CS301 – Data Structures Lecture No. 34

______

Data Structures

Lecture No. 34

Reading Material

Data Structures and Algorithm Analysis in C++ Chapter. 8

8.1, 8.2, 8.3

Summary

·  Equivalence Relations

·  Disjoint Sets

·  Dynamic Equivalence Problem

Equivalence Relations

We will continue discussion on the abstract data structure, ‘disjointSets’ in this lecture with special emphasis on the mathematical concept of Equivalence Relations. You are aware of the rules and examples in this regard. Let’s discuss it further and define the concept of Equivalence Relations.

‘A binary relation R over a set S is called an equivalence relation if it has following properties’:

  1. Reflexivity: for all element x ξ S, x R x
  2. Symmetry: for all elements x and y, x R y if and only if y R x
  3. Transitivity: for all elements x, y and z, if x R y and y R z then x R z

The relation “is related to” is an equivalence relation over the set of people. This is an example of Equivalence Relations.

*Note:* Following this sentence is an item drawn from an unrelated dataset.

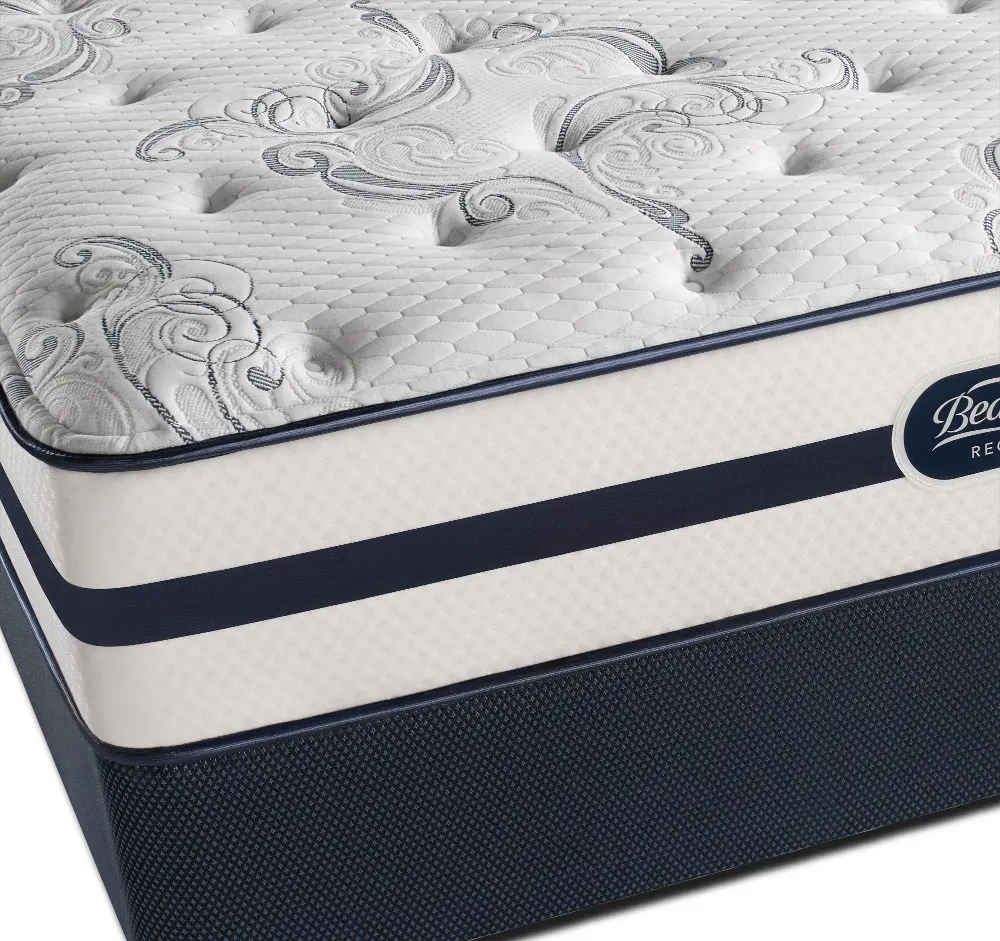 KIT Queen Sleep Set - Beautyrest Kit Plush Low-Profile -1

Now let’s see how the relations among people satisfy the conditions of Equivalence Relation. Consider the example of Haris, Saad and Ahmed. Haris and Saad are related to each other as brother. Saad and Ahmed are related to each other as cousin. Here Haris “is related to” Saad and Saad “is related to” Ahmed. Let’s see whether this binary relation is Equivalence Relation or not. This can be ascertained by applying the above mentioned three rules.

First rule is reflexive i.e. for all element x ξ S, x R x. Suppose that x is Haris so Haris R Haris. This is true because everyone is related to each other. Second is Symmetry: for all elements x and y, x R y if and only if y R x. Suppose that y is Saad. According to the rule, Haris R Saad if and only if Saad R Haris. If two persons are related, the relationship is symmetric i.e. if I am cousin of someone so is he. Therefore if Haris is brother of Saad, then Saad is certainly the brother of Haris. The family relationship is symmetric. This is not the symmetric in terms of respect but in terms of relationship. The transitivity is: ‘for all elements x, y and z. If x R y and y R z, then x R z’. Suppose x is Haris, y is Saad and z is Ahmed. If Haris “is related to” Saad, Saad “is related to” Ahmed. We can deduce that Haris “is related to” Ahmed. This is also true in relationships. If you are cousin of someone, the cousin of that person is also related to you. He may not be your first cousin but is related to you.

Now we will see an example of binary relationship that is not based on equivalence relationship. The ≤ relationship is not an equivalence relation. We will prove this by applying the three rules. The first rule is reflexive. It is reflexive, since x ≤ x, as x is not less than x but surely is equal to x. Let’s check the transitive condition. Since x ≤ y and y ≤ z implies x ≤ z., it is also true. However it is not symmetric as x ≤ y does not imply y ≤ x. Two rules are satisfied but symmetric rule does not. Therefore ≤ is not an equivalence relation.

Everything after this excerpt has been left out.